0001 .. SPDX-License-Identifier: GPL-2.0
0002
0003 ==============================================
0004 Management Component Transport Protocol (MCTP)
0005 ==============================================
0006
0007 net/mctp/ contains protocol support for MCTP, as defined by DMTF standard
0008 DSP0236. Physical interface drivers ("bindings" in the specification) are
0009 provided in drivers/net/mctp/.
0010
0011 The core code provides a socket-based interface to send and receive MCTP
0012 messages, through an AF_MCTP, SOCK_DGRAM socket.
0013
0014 Structure: interfaces & networks
0015 ================================
0016
0017 The kernel models the local MCTP topology through two items: interfaces and
0018 networks.
0019
0020 An interface (or "link") is an instance of an MCTP physical transport binding
0021 (as defined by DSP0236, section 3.2.47), likely connected to a specific hardware
0022 device. This is represented as a ``struct netdevice``.
0023
0024 A network defines a unique address space for MCTP endpoints by endpoint-ID
0025 (described by DSP0236, section 3.2.31). A network has a user-visible identifier
0026 to allow references from userspace. Route definitions are specific to one
0027 network.
0028
0029 Interfaces are associated with one network.
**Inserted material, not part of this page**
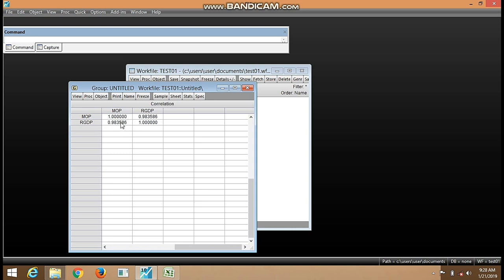For the negative we say there's a strong negative correlation. So for values that are approached zero, either from the positive side or from the negative side, we only say weak positive correlation or we say weak negative correlation. So from the value we have here, we can say there is a strong positive correlation between RGDP and MOP.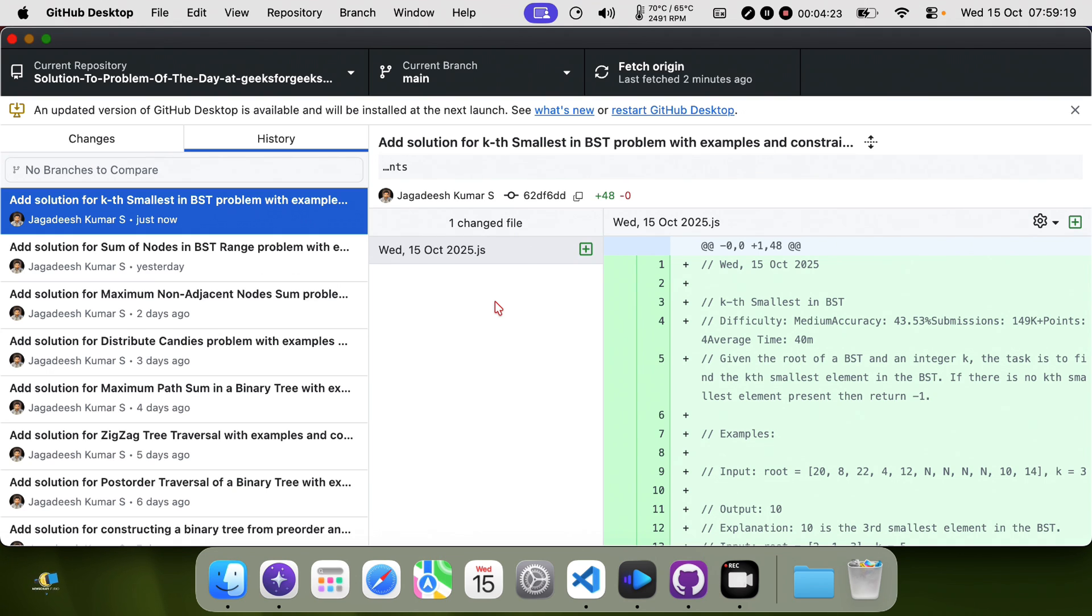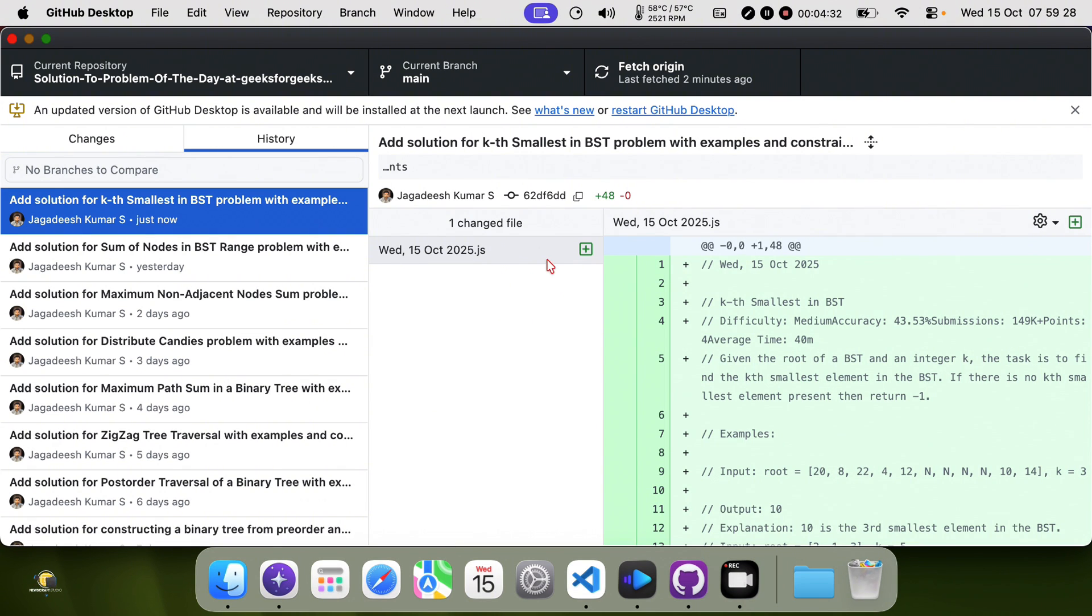The code is committed to my GitHub, so you can get the code link from my GitHub. Thank you.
A network may be associated with one
0030 or more interfaces.
0031
0032 If multiple networks are present, each may contain endpoint IDs (EIDs) that are
0033 also present on other networks.
0034
0035 Sockets API
0036 ===========
0037
0038 Protocol definitions
0039 --------------------
0040
0041 MCTP uses ``AF_MCTP`` / ``PF_MCTP`` for the address- and protocol- families.
0042 Since MCTP is message-based, only ``SOCK_DGRAM`` sockets are supported.
0043
0044 .. code-block:: C
0045
0046 int sd = socket(AF_MCTP, SOCK_DGRAM, 0);
0047
0048 The only (current) value for the ``protocol`` argument is 0.
0049
0050 As with all socket address families, source and destination addresses are
0051 specified with a ``sockaddr`` type, with a single-byte endpoint address:
0052
0053 .. code-block:: C
0054
0055 typedef __u8 mctp_eid_t;
0056
0057 struct mctp_addr {
0058 mctp_eid_t s_addr;
0059 };
0060
0061 struct sockaddr_mctp {
0062 __kernel_sa_family_t smctp_family;
0063 unsigned int smctp_network;
0064 struct mctp_addr smctp_addr;
0065 __u8 smctp_type;
0066 __u8 smctp_tag;
0067 };
0068
0069 #define MCTP_NET_ANY 0x0
0070 #define MCTP_ADDR_ANY 0xff
0071
0072
0073 Syscall behaviour
0074 -----------------
0075
0076 The following sections describe the MCTP-specific behaviours of the standard
0077 socket system calls. These behaviours have been chosen to map closely to the
0078 existing sockets APIs.
0079
0080 ``bind()`` : set local socket address
0081 ^^^^^^^^^^^^^^^^^^^^^^^^^^^^^^^^^^^^^
0082
0083 Sockets that receive incoming request packets will bind to a local address,
0084 using the ``bind()`` syscall.
0085
0086 .. code-block:: C
0087
0088 struct sockaddr_mctp addr;
0089
0090 addr.smctp_family = AF_MCTP;
0091 addr.smctp_network = MCTP_NET_ANY;
0092 addr.smctp_addr.s_addr = MCTP_ADDR_ANY;
0093 addr.smctp_type = MCTP_TYPE_PLDM;
0094 addr.smctp_tag = MCTP_TAG_OWNER;
0095
0096 int rc = bind(sd, (struct sockaddr *)&addr, sizeof(addr));
0097
0098 This establishes the local address of the socket. Incoming MCTP messages that
0099 match the network, address, and message type will be received by this socket.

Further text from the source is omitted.